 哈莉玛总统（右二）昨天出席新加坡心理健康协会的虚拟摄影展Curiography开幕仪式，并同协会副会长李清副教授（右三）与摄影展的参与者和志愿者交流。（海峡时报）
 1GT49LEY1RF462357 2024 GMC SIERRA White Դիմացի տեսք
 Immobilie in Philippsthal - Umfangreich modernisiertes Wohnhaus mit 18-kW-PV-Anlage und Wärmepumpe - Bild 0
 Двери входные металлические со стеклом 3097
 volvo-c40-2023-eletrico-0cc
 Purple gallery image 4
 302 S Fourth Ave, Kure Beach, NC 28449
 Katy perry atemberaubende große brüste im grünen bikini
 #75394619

--------

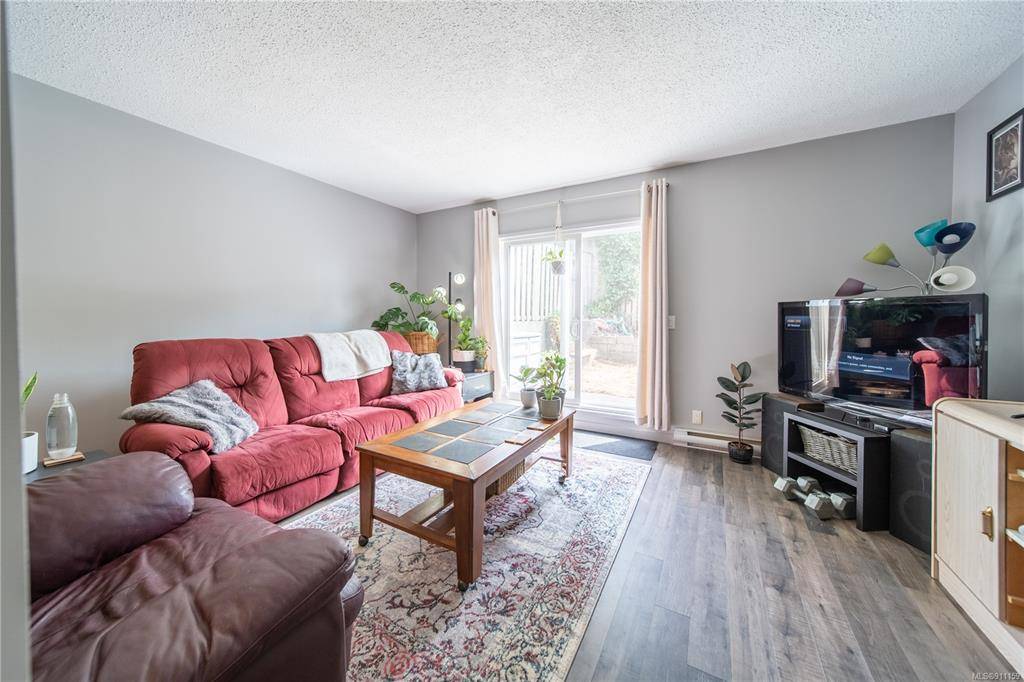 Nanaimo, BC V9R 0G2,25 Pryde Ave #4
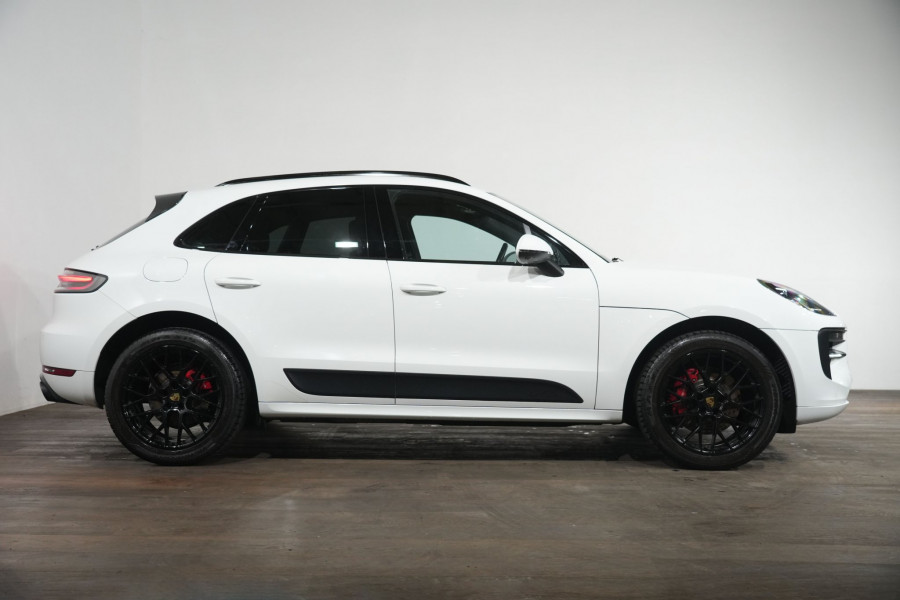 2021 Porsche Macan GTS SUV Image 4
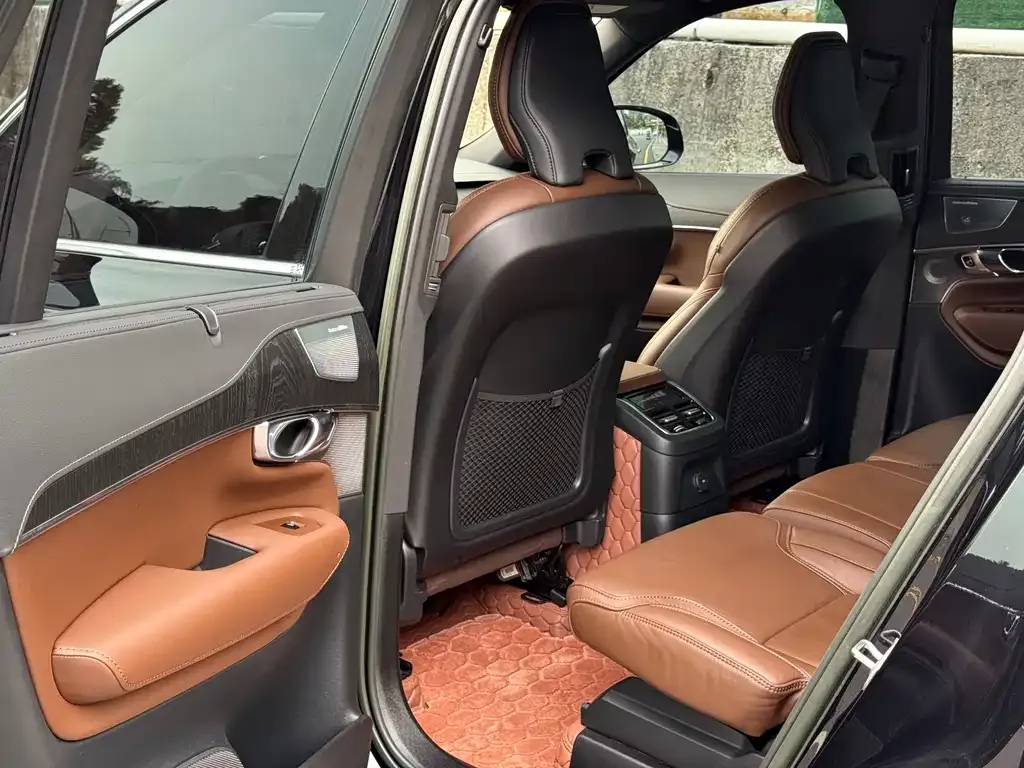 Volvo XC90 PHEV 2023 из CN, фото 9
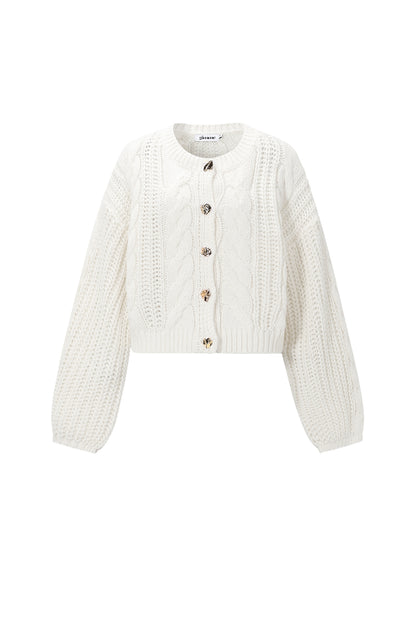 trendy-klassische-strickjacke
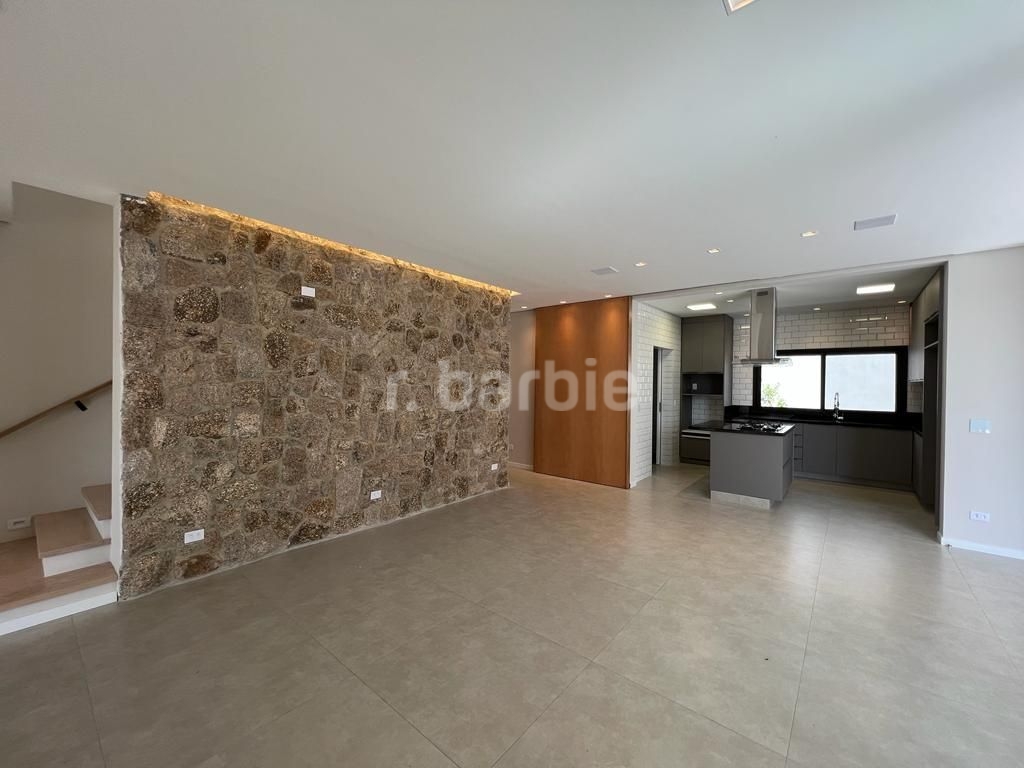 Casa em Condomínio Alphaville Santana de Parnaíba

--------

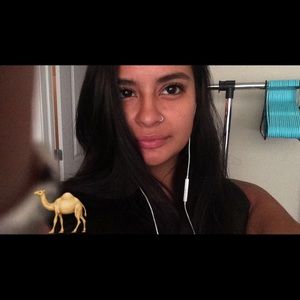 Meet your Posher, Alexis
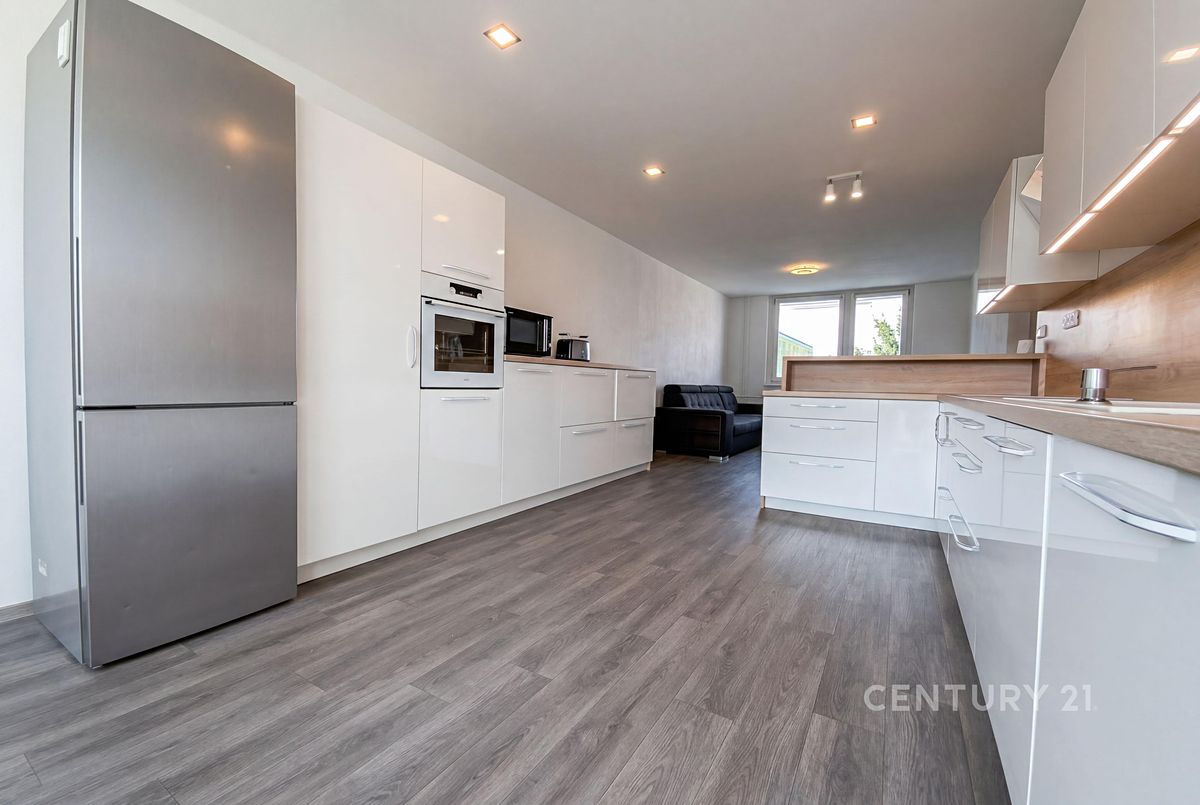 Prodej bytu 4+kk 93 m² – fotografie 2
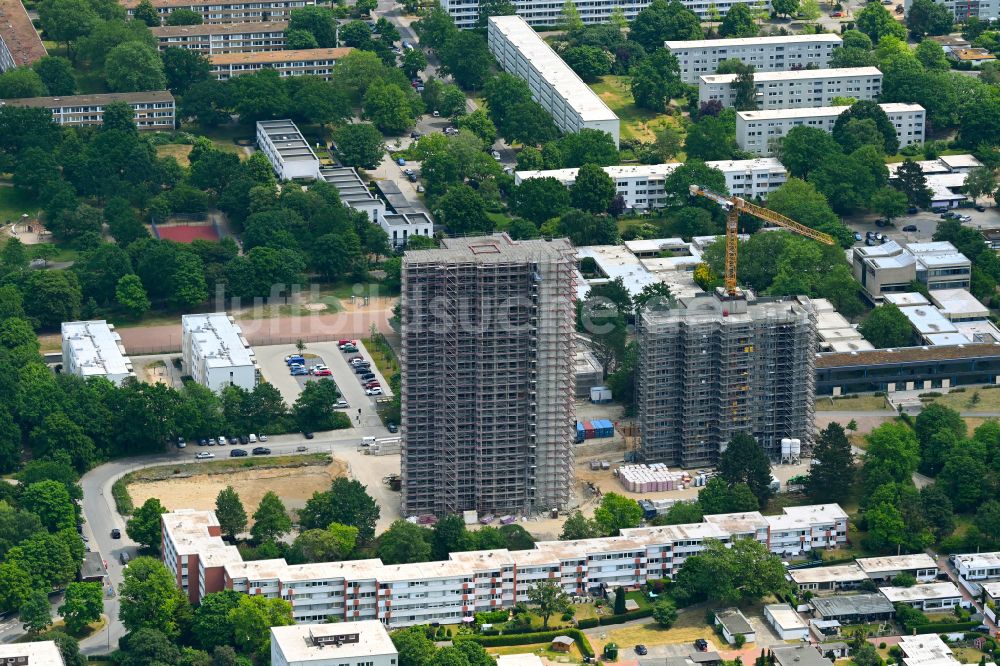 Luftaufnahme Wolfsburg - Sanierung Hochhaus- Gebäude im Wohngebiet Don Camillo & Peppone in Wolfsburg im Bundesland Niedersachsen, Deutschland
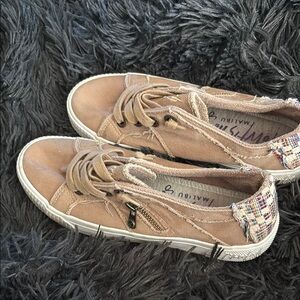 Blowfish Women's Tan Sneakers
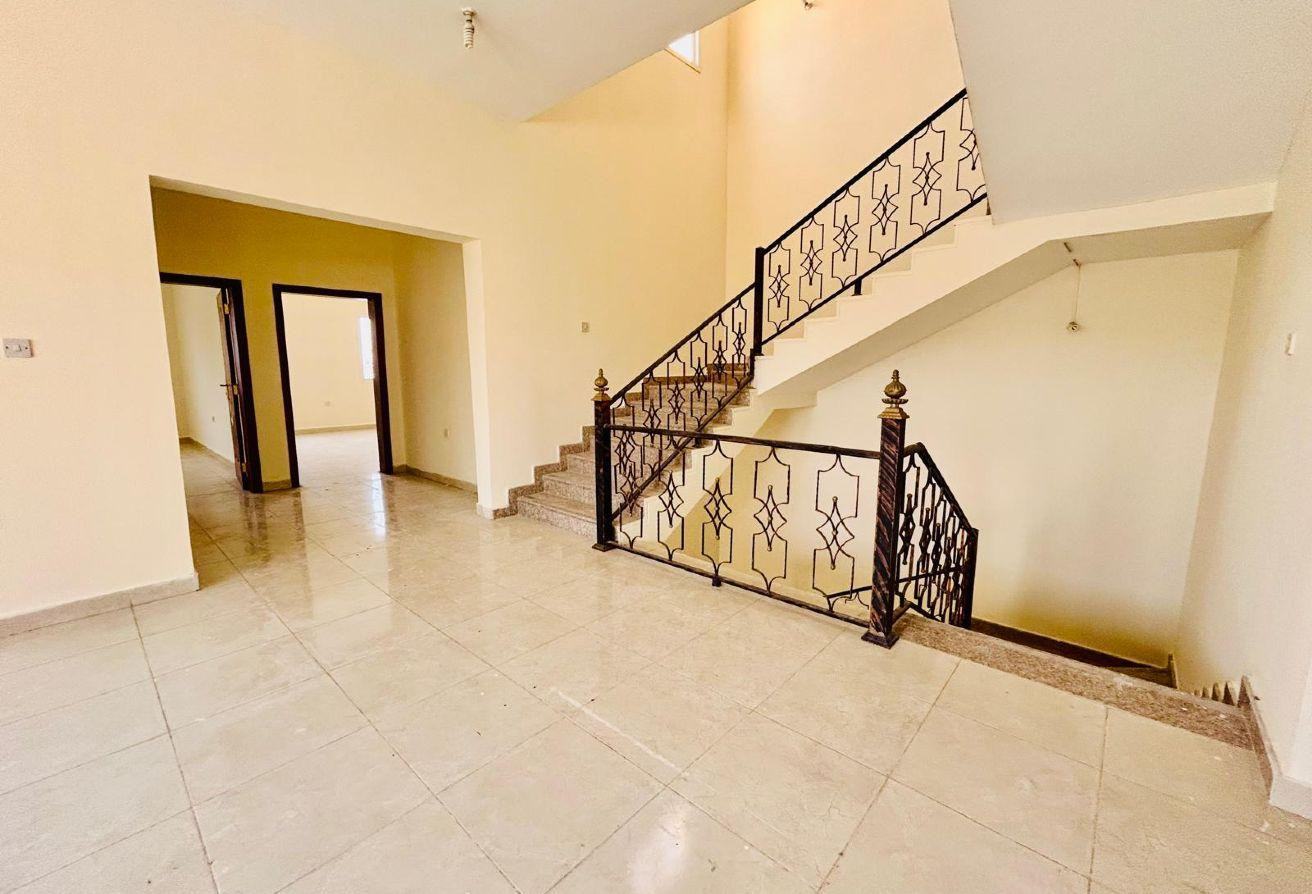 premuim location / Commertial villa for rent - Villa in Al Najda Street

--------

EXERCISE DETAILS >> Write out exactly the run of lines above that starts at the line containing "Luftaufnahme Wolfsburg - Sanierung" and ends at the line containing "premuim location /". Include both, and leave the pictures out.

TASK SOLUTION >>
 Luftaufnahme Wolfsburg - Sanierung Hochhaus- Gebäude im Wohngebiet Don Camillo & Peppone in Wolfsburg im Bundesland Niedersachsen, Deutschland
 Blowfish Women's Tan Sneakers
 premuim location / Commertial villa for rent - Villa in Al Najda Street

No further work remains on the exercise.